It's been over two years since God spoke to my heart about the little boy who we call Caleb. I looked forward for two years with such great anticipation to this purpose and this plan that my Father told me about. I waited with sometimes a great lack of patience, but mostly a heart full of hope for whatever this is that God is doing. Now I see him. I hold him. I kiss his face and tend to all his needs. I love him more than I ever EVER thought I possibly could. His little smile reminds my heart of the joy that is found in being in the presence of the Lord and living in His will.

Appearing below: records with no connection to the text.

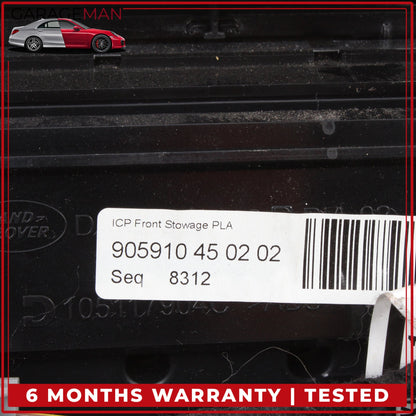 2014-2017 Range Rover Sport L494 AC Heater Climate Control Switch w/ Trim OEM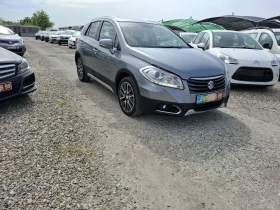 Suzuki SX4 S-Cross 1.6D 44  * * *  | Mobile.bg    2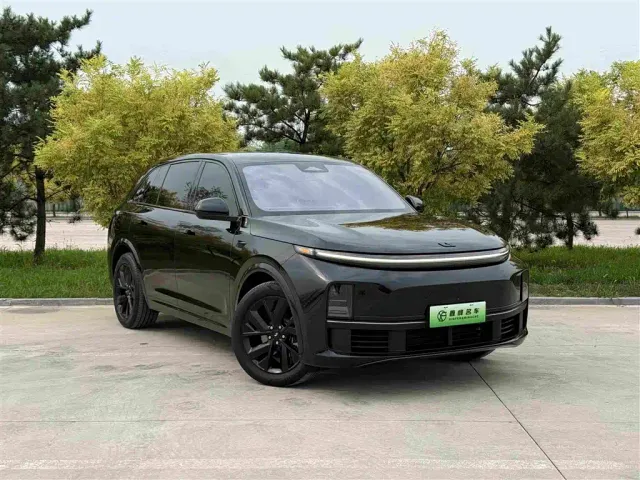 Li Auto L7 — Фото автомобиля 3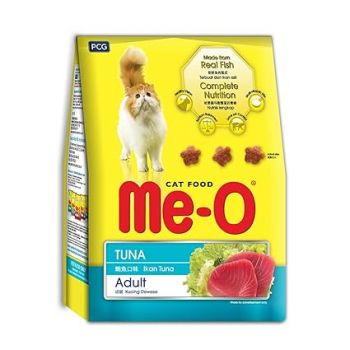 Me-O Adult Cat Food Tuna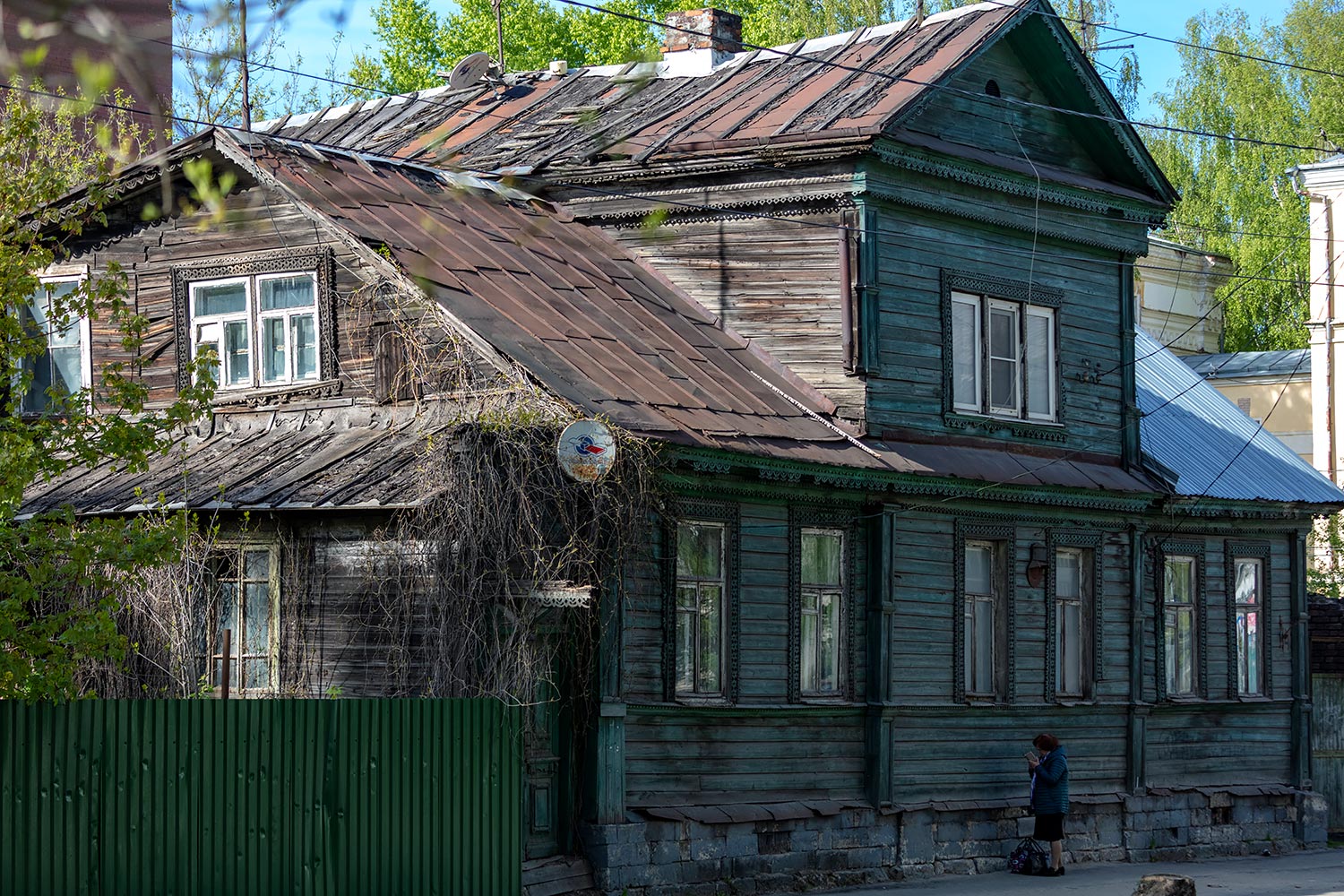 Тверь, Улица Софьи Перовской, 4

But this my friends....IS hard. Like putting Moses in a basket hard. Because I don't know where God is taking Caleb. I don't know what is to come or where we are heading in this life. There are things I'm afraid of , things that I worry about. Not that I should, because the Lord has given me a spirit of power, love and a sound mind....not of fear. But I'm also living in an imperfect world where the prince of darkness has access to me and I allow his thoughts to become my own at times.
Everyone loves this precious baby and everyone asks how he is doing. Usually I just smile and say that he's doing great, because he is. I mostly keep the hard stuff to myself or my closest friends because there is just too much to explain in a 5 minute conversation. I realize however, that many of you have invested so much time praying for our boy and even helped us to bring him home financially and I want you to have the truth about what we know so you can continue to pray for him, and for us. We need your prayers. Not just so that we can face this hard path physically, but emotionally and spiritually as well.
As most of you know, Caleb was born with congenital Cytomegalo Virus (cCMV). If you would like to read more about it you can do that at www.StopCMV.org. If you are of childbearing age, I highly recommend you read about this virus and discuss it with your doctor. Caleb was also born severely drug addicted. We continue to wean him from a drug called Phenobarbitol for this reason. Due to the CMV, drug abuse, and possible trauma during pregnancy, Caleb has some major things going on. He was born with microcephaly (small head), blood problems which have resolved, and for lack of a better word, brain damage. The ultrasound of his brain and CT scan soon after birth confirmed that he has calcifications (tiny white spots) on his brain. The brain is so complex that they really cannot offer us any future expectations. Many children with cCMV never walk or talk, but many do. When we said yes to Caleb, exactly 6 months ago....we knew that we were getting on a boat with a completely unknown destination. But we knew that God was in that boat so we jumped on.
As we got to know our new baby and watched him grow, at first it seemed that he was going to be the exception to the rule and not have many effects. Many of you have been wondering this as well, I know. He smiles at you in the halls at church and seems to be doing wonderfully. He IS doing wonderfully. Here are the concerns, though, that have shown up in the recent months. These are not a surprise to God. He holds healing in His hands and if His plan for Caleb is for him to walk, then he will walk. If his plan for Caleb is for him to preach, then he will preach. As of now, Caleb is delayed on all his gross and fine motor skills. His trunk support and muscle tone are weak. He feels more like a 3 month old baby in our arms than a 7 month old. He prefers not to bear weight on his legs, but is progressing. He is learning to sit and progressing slowly but surely. He loves to smile and laugh and can be very engaging (especially if you are blond and female....), but I notice that he avoids eye contact many times. He can be fixated on his hands, lights or playing with his hair. All things adorable, but my discernment says these things are in excess. He does not open his mouth for solid foods. Recently, he has started having spasms that the doctor is concerned are seizures. I honestly do not think that they are seizures, but we will be seeing a neurologist as soon as they can get us in. He is farsighted, but otherwise his vision is great. His hearing is perfect (which is a miracle in itself with CMV).
Please pray for us to have wisdom about Caleb's treatment and care. I tote him to many specialists a month and we are engaging in physical, occupational and speech therapy on a weekly basis (OT and ST begin soon). School starts in a couple weeks as well so I ask for your prayers as I incorporate a baby into our homeschool day, along with the extra appointments and such. Thankfully, Caleb is a very sweet, easygoing baby. Our children have learned so much from this journey already, and the journey has only just begun. Their responsibility, helpfulness, and love for those with special needs astounds us. God has begun a good work in all of us, and we know that He is faithful to complete it. There are also some really cool ministry opportunities with photography that I am looking forward to as well, so pray with me as I navigate the many rolls I am blessed to have.
My good friend Jackie spoke at church camp this past weekend about the coxswain in a rowing boat competition. The coxswain is the one person in the boat facing the finish line, yelling directions and encouragement to the other rowers who have their backs facing the goal they are moving towards. Jesus is my coxswain. I cannot see the goal or the finish line, as it's behind me. I'm keeping my eyes on my prize. Jesus IS my prize. At the end of this race that leads to nowhere known to me, I will see Him face to face....and it will all be worth it. The world behind me, the cross before me. No turning back. No turning back.